For Justice Blackmun, the issue was whether the Montana severance tax constituted a "tailored tax" in violation of the test in Complete Auto Transit. He was deeply troubled by the fact that Montana had control over one-quarter of the nation's coal reserves and nearly total control of the nation's low-sulfur coal reserves, and that most of these reserves lay under land controlled by the federal government. In addition, Blackmun argued there was a "tension" in the Court's ruling as to whether interstate commerce should be relatively unhindered from interference by state taxation and whether states should be allowed to recoup costs associated with interstate commerce. Blackmun agreed with the majority that the tax was not discriminatory. But he disagreed that the tax did not burden interstate commerce, characterizing the majority's ruling as making Montana free "to tax this coal at 100% or even 1,000% of value, should it choose to do so." Blackmun characterized the majority's decision as "mechanical," and claimed it was not in step with prior Court rulings on burdensome taxation. Blackmun further argued that the Montana severance tax was a "tailored tax" because it only taxed coal destined for interstate commerce, and thus deserved stricter scrutiny under the Complete Auto test. Accordingly, given the economic conditions and importance of national energy policy, Blackmun would have remanded the case for trial for further determination of these issues. Blackmun agreed with the majority, however, that there was no Supremacy Clause issue.

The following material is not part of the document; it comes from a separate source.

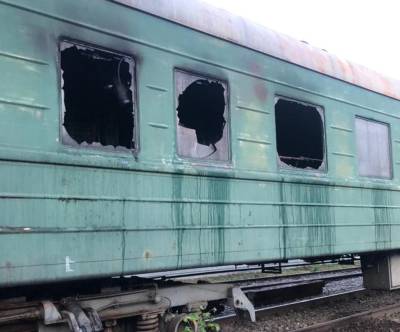 В Камышлове сгорел вагон поезда с рабочими. Пострадавший в реанимации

==Further developments and rulings==
Beginning in 1987, Montana reduced its tax on bituminous coal to 15% and on lignite coal to 10%, and exempting the first 20,000 tons (later, 50,000 tons) of coal mined from any tax whatsoever. In 1992, the state legislature created a "Treasure State Endowment Trust Fund" under the Permanent Coal Tax Trust Fund, and diverted money from the Permanent Fund into the Endowment Fund for the purposes of supporting local government. A 1999 state law subsequently enacted a "licensing fee" equal to 50% of the severance tax, and allowed each coal mining company to apply up to 101% of the license against the severance tax (effectively halving the tax on coal mined in the state). A coalitions of citizens sued, arguing this illegally diverted funds from the Permanent Trust. In Montanans for the Coal Trust v. State, the Montana Supreme Court agreed and enjoined the licensing law.

The U.S. Supreme Court had a second occasion to address issues with the Montana coal severance tax in 1998. In 1904, the Crow Tribe ceded part of its tribal reservation back to the government of the United States. The federal government continued to hold the mineral rights under these lands in trust for the tribe. Montana's coal severance tax applied to coal mined on both the ceded federal land as well as land beneath the Crow Tribe. The Crow Tribe sued, claiming that the Montana tax impinged on their tribal sovereignty and was pre-empted by federal law. In the landmark Indian law case, Montana v. Crow Tribe of Indians, the U.S. Supreme Court disagreed on both counts, reversing the previous judgments of the Ninth Circuit.

==Assessment==
Commonwealth Edison Co. v. Montana has been criticized by legal scholars for overturning Heisler v. Thomas Colliery Co. and subsequent rulings.

Other legal scholars criticize the ruling for, in their view, undermining the importance of the fourth prong of the Complete Auto Transit test.